Thursday, July 10, 2014

Shedding Light On The Differences Between Race, Ethnicity & Culture

Photo Credit: Mike Hiatt
Here are some helpful insights from Marque Mathias Jensen on the unique differences on how we define race, ethnicity and culture:
"Here in the USA,  people often assume that the race of a person defines also their culture, ethnicity, and even class, this lie is the fruit of racism learned and internalized.   If instead, we see race as a social construct that only has the power assigned by society, we can begin to appreciate ethnic differences and culture uniqueness without allowing the lies of race to force us into making false assumptions. 
Our Latino American neighbors often have less of a problem with this as they know that a Honduran,  Puerto Rican, Brazilian or …  could have any type of skin pigmentation.   Ignorance that believes that race = ethnicity = culture,  is where conversations around these categories often become awkward and difficult. 
For example working in multi-cultural services in colleges I observed the following multiple times: 
The young student, who as an infant, was an adoptee into a wealthy European-American home, from, for example, Uganda or Korea. While the parents have usually tried and done their best, this student will often struggle with identity, and their peers struggle to know where they “fit” into the categories we’ve been trained to assign people. 
WHY? Typically, people would tend to visually categorize this person as: 
     Racially: Black, or Asian, and then assume they are also... 
     Culturally: African-American or Asian-American. 
But for this student, often raised in a small accepting community they are more aware that they are: 
     Ethnically: Ugandan or Korean, and having been raised in mainstream culture... 
     Culturally: European-American. 
For some reason we think if we can know what box they fit into we will better know, or not need to know, that person. 
It is proof that to some extent we have bought into the lie that one’s race tells can tell us something significant about a person. It is proof that we all have been impacted by racism, by benefiting from it or by internalizing it. 
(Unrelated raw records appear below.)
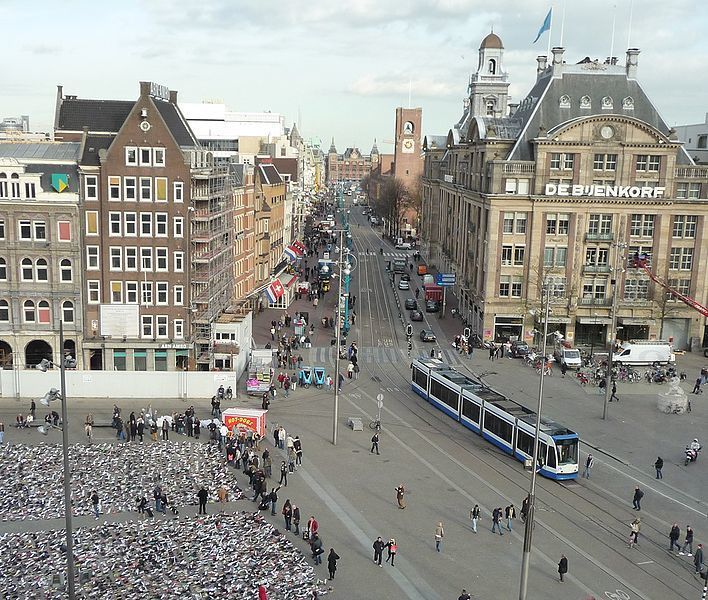 Трамвай на Дамраке. Вдалеке виден центральный вокзал Амстердама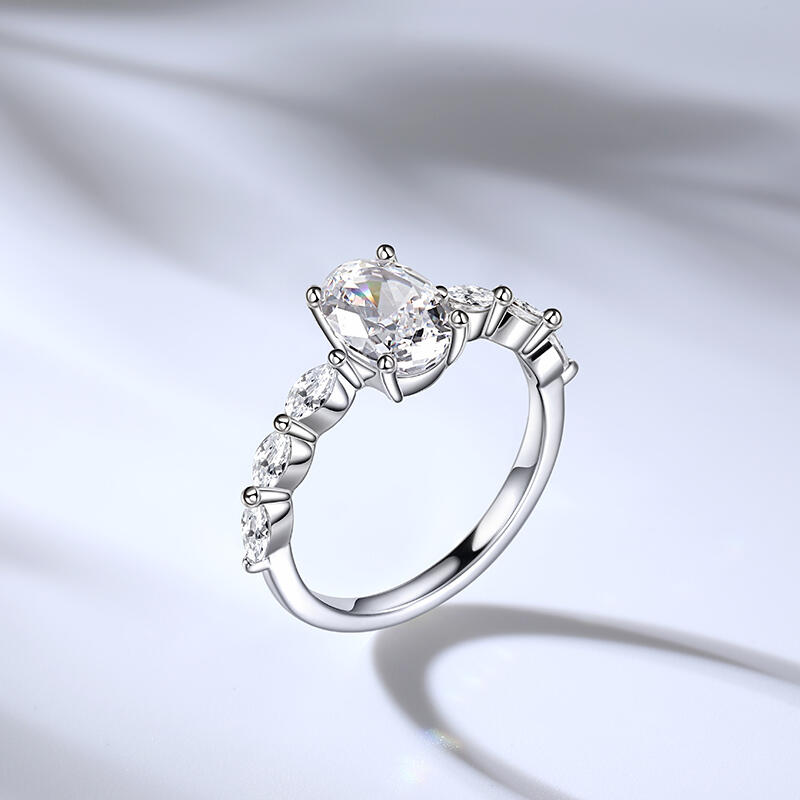 Jeulia Classic Oval Cut Sterling Silver Ring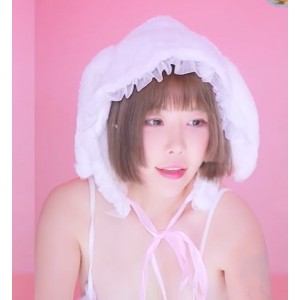 holymoly福利姬韩国BJ4.4G26部诱人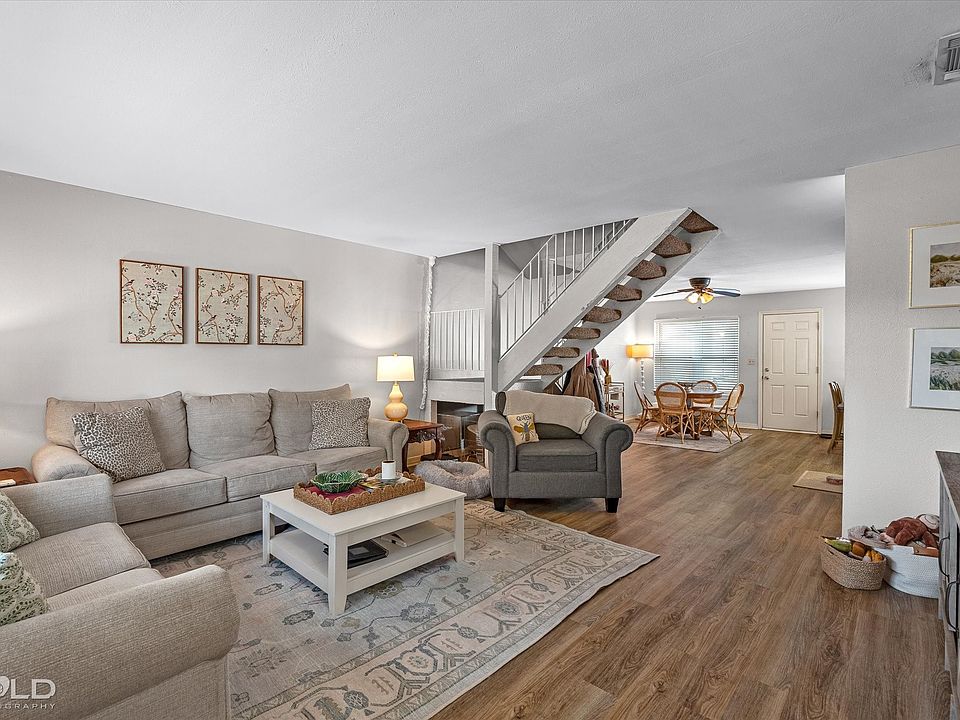 1st image of 10034 Artesia Dr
However the lines of race, ethnicity and culture are blurry and frequently very imprecise. It is important to know the culture and ethnicity one identifies with, but will we allow people to define themselves, even when they defy the standard stereotypes? The cultures and ethnicities of our world are beautiful and complement each other in ways that can strengthen and expand us all, yet what happens when  no traditional category fully encompasses how they view their own identity?"